3 Questions Every Actor Asks and What it Has to Do With Coaching! | By Ben Dooley

manMH900407415[1]My past career as an actor has taught me some powerful lessons that have had a tremendous impact on my coaching as well as my own personal growth and success. In particular, one of the first things an actor needs to learn is how to break down and build a character. I realize those two words seem contradictory - "break down" and "build" - and yet they work together. Here's how:

First, "Breaking Down" a Character

We do this naturally. The first time you read through a play, story or watch a movie from beginning to end you get to enjoy the story, and find out what happens. You allow yourself to get caught up in the drama of it, step into that world and experience what the story is attempting to evoke from you. And, more importantly, you become familiar with the main character. You get to know their fears and desires. You become familiar with their issues and quirks.

When we watch Raiders of the Lost Ark, by the end of the movie we know pretty clearly who Indiana Jones is and what he's all about - what he wants, what he doesn't want, his dreams and desires, fears and limitations. In fact, by the end of the story, we are so familiar with him that we could even pretend that we are that charming archaeologist off on some great adventure.

Kids do this all the time. They get a clear idea of a character and then they take it on and pretend.

So, "breaking a character down" is simply getting to know him or her.  Of course there's more to it than just reading the story or watching the movie to get to the really juicy information.
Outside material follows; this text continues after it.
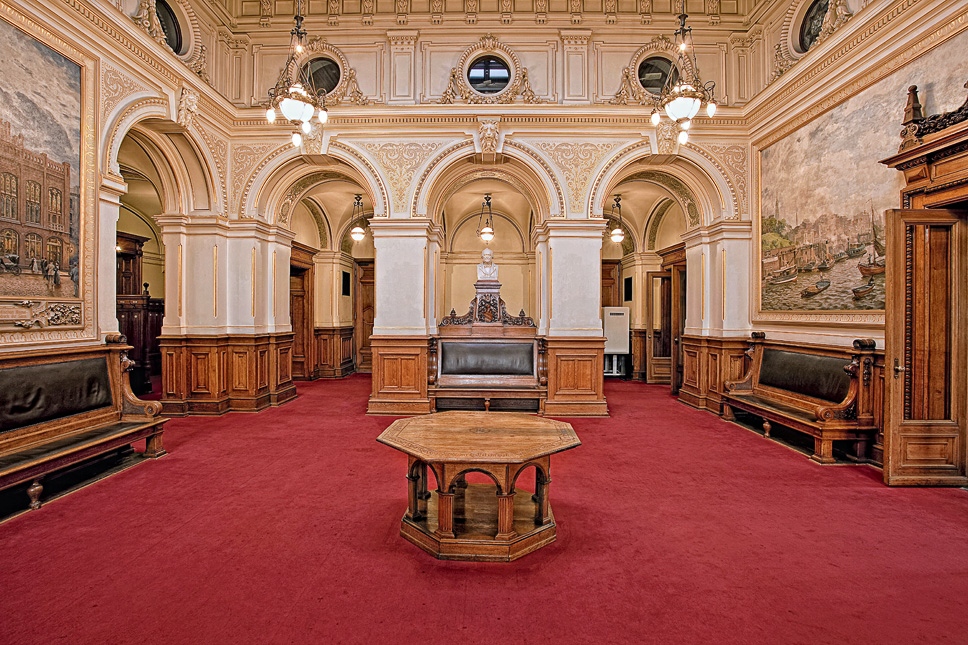 Das Foyer der Bürgerschaft Foto & Bild deutschland, europe, hamburg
To understand the character we ask the three major questions that every actor considers when taking on a part,

  1. "Who am I?"
  2. "What do I want?"
  3. "What's in my way?"

Go ahead.  Try it.  Pick the main character from your favorite movie or TV show or book or whatever and ask yourself those questions and try to answer. Here, let's do it together.

Indiana_Jones_in_Raiders_of_the_Lost_ArkIndiana Jones in, "Raiders of the Lost Ark"

1) Who is he? (This is where we uncover his values and strengths) He is an archaeologist who goes out searching for lost artifacts. He's not your typical hero, actually, more of an intellect than athletic, but he's handy with a whip. He has sharp instincts that help him get what he wants. He also makes good friends who help him along the way. He has strong character and integrity and when he sets his sights on his goal, he's committed to getting it done… no matter what. Oh, and he has a cool hat.

2) What does he want? (This is where we uncover his desires and dreams. What is he trying to accomplish in this particular story?) He wants to find the lost ark of the covenant and bring it back to his university. He's not interested in fame or power, but about education.  His attraction to the arc is primarily about uncovering the history and information it contains.

3) What's in his way? (This is where we uncover obstacles, enemies - both real and imaginary, his fears etc.) The Nazis, first off, are a big problem. Also he is racing against a nemesis archaeologist. Along the way there are also natives, local sword wielding Arabians, mysterious puzzles to be solved, and snakes… Why did it have to be snakes?

There. Now you have it. Of course, we could spend more time digging even deeper into this character and storyline, but for this example, we're just hitting the basics. You can always spend more time revealing more information. In fact many actors will write several many pages on a single question with the idea that the more you know about your character, the more deeply and powerfully you can step into them and portray them with full intention and awareness. Then you can begin to think like Indiana Jones, feel what he feels, so that our choices as an actor are that much more grounded in their reality.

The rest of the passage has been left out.